Found in 1 providers: grok
1 source checked
Holding tightly to possessions, positions, relationships, or outcomes sets you up for loss, because everything eventually changes or disappears. The wise person enjoys what comes without gripping it, so when circumstances shift there is nothing to be torn away. You cannot lose what you never claimed as yours. Non-attachment is not coldness or withdrawal; it is a flexible stance toward life that prevents suffering when things inevitably move on.
Laozi taught wu wei, effortless action, and saw clinging as the root of frustration. Legend says he served as an archivist in the Zhou court, then walked away from position and status when he saw the dynasty declining, writing the Tao Te Ching at a border pass before vanishing west. That act embodied his own lesson: by holding nothing, including his career and fame, he left freely and lost nothing he valued.
Laozi lived during the late Zhou period, around the 6th century BCE, as centralized authority crumbled and warring states jockeyed for territory, wealth, and noble rank.

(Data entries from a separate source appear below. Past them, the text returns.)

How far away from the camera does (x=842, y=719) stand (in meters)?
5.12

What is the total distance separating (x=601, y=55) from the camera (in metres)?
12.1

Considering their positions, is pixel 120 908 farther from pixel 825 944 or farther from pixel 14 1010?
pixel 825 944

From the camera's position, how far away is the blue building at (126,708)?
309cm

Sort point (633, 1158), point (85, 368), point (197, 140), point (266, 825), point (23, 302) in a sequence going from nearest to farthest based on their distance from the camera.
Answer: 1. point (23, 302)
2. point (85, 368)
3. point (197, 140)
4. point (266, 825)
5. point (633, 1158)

Officials clung to posts that vanished overnight; families lost estates to conquest. Against this churn, rival schools like early Confucianism preached duty and proper roles, while Laozi's circle argued the opposite: grasping at rank and possessions in such an unstable age guaranteed grief, so release was survival.
AI-generated insights based on extensive research and information for context. Factual errors? Email [email protected].